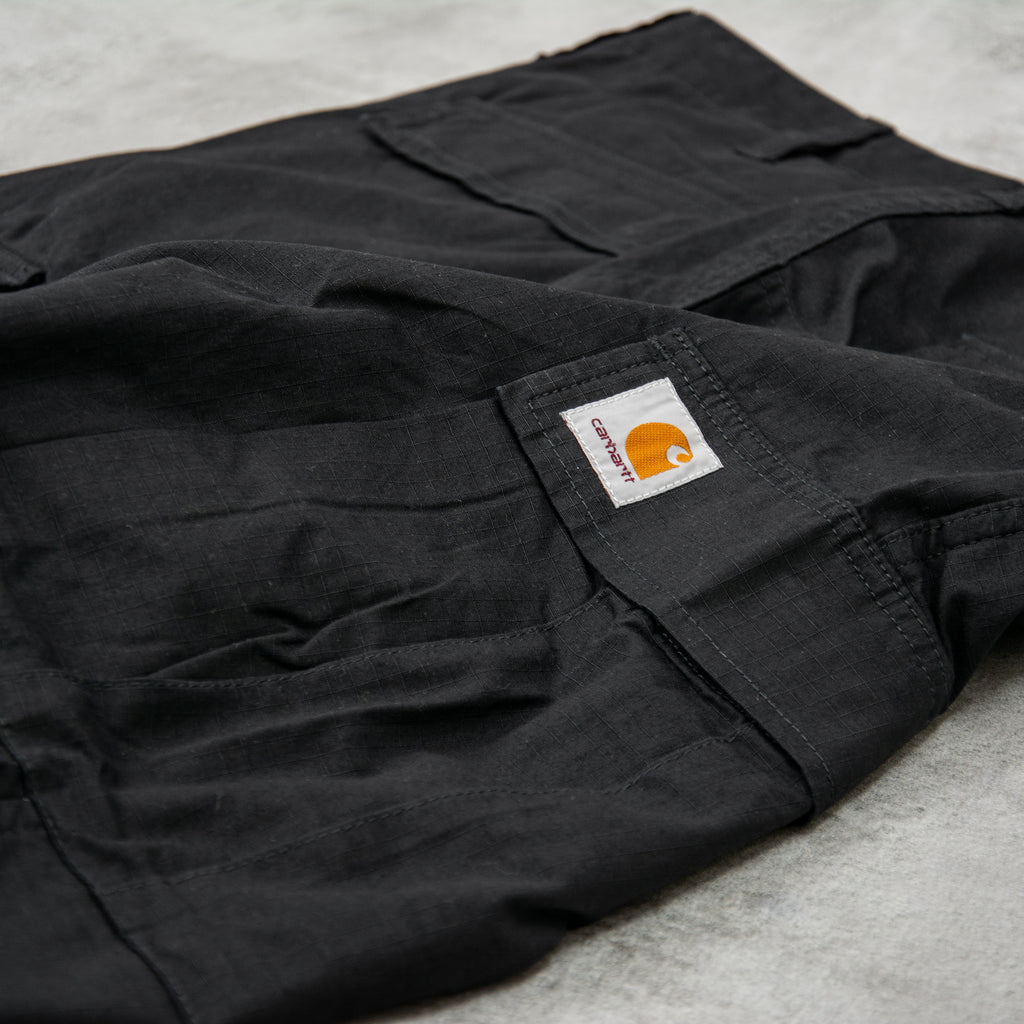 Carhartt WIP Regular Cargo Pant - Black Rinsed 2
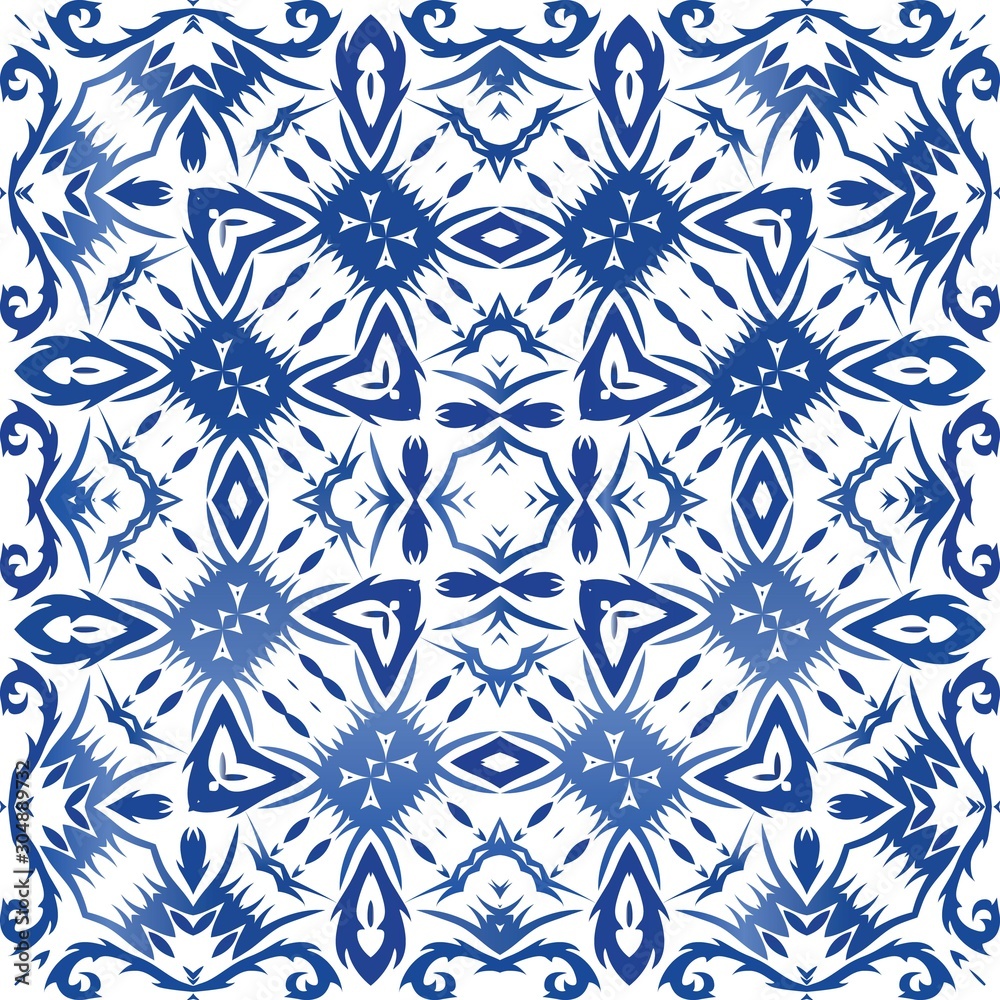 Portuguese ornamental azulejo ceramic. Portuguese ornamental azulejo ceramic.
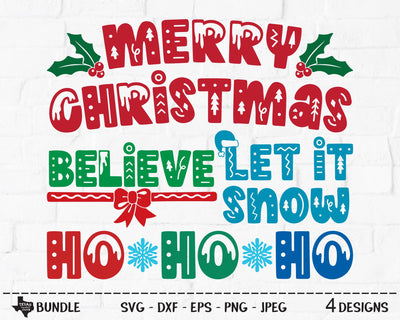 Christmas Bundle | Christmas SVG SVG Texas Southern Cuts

#### Task requirements:
Give again, word for word, the lines above from the one with "Portuguese ornamental azulejo ceramic. Portuguese" through the final line of the data, both ends included. Do not copy any picture.

#### Solution to this exercise:
 Portuguese ornamental azulejo ceramic. Portuguese ornamental azulejo ceramic.
 Christmas Bundle | Christmas SVG SVG Texas Southern Cuts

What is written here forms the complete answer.